The subtitle of this wonderful book is: Lee Krasner, Elaine de Kooning, Grace Hartigan, Joan Mitchell, and Helen Frankenthaler: Five Painters and the Movement That Changed Modern Art. Mary Gabriel’s brick-like book is an excursion through the artistic world of the 1930s, 40s, and 50s as Abstract Expressionism took the art world by storm. These five women were in the thick of it, inspired and inspiring. They were driven to be artists despite the demeaning critics (women couldn’t make good art they were told); despite the early ridiculing of Abstract Expressionism; and despite those who wanted them to just nurture the male artists who were doing the “real” work.
Gabriel tells the stories of each of the five. Beyond that, she brings the reader into the bohemian milieu that developed around the artists, male and female, especially the Ninth Street East Village neighborhood where they lived, painted, drank, fought, loved, and partied. What raucous lives they lived! They often made bad decisions but produced great paintings. Gabriel writes about the women’s relationships with Jackson Pollock, Willem de Kooning, Larry Rivers, Mike Goldberg, Franz Kline, Arshile Gorky and many others. Money was mostly scarce since there were no buyers for the works for many years.

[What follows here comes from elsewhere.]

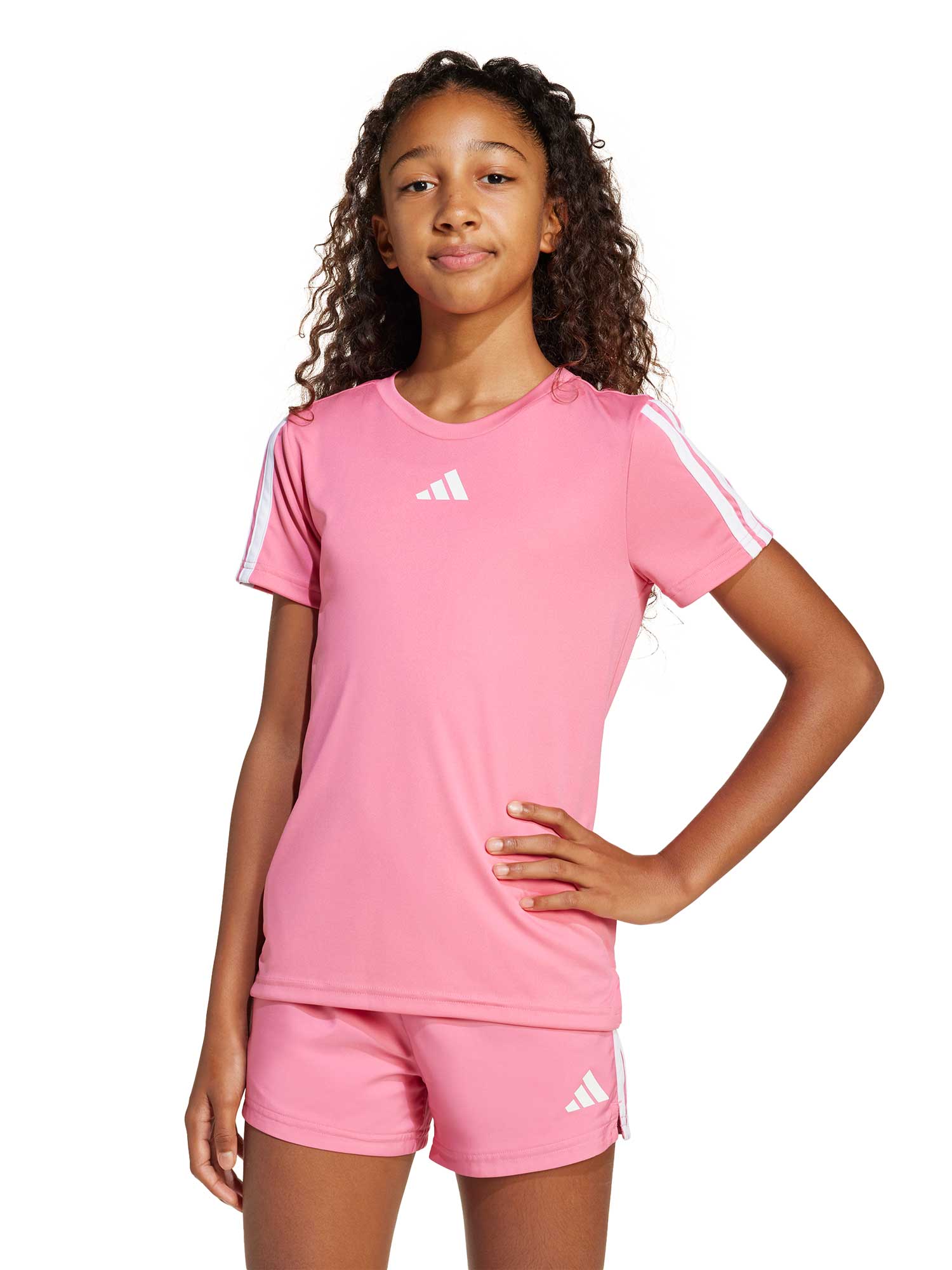 Tricou Training Essentials 3-stripes Kids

There’s so much content in this book that it’s hard to know how to explain its effect on the reader in a few paragraphs. Gabriel incorporates the social history which influenced the artists, like the turbulence of the 1930s and early 1940s that brought abstraction into being. In tandem with the personal stories, the result is total immersion in a heady, gossipy, intellectual world. The five women of the title were more than painters; they were part of the intellectual underpinnings of the movement in fundamental ways. It’s an absorbing, exhausting, thrilling experience to read about their lives.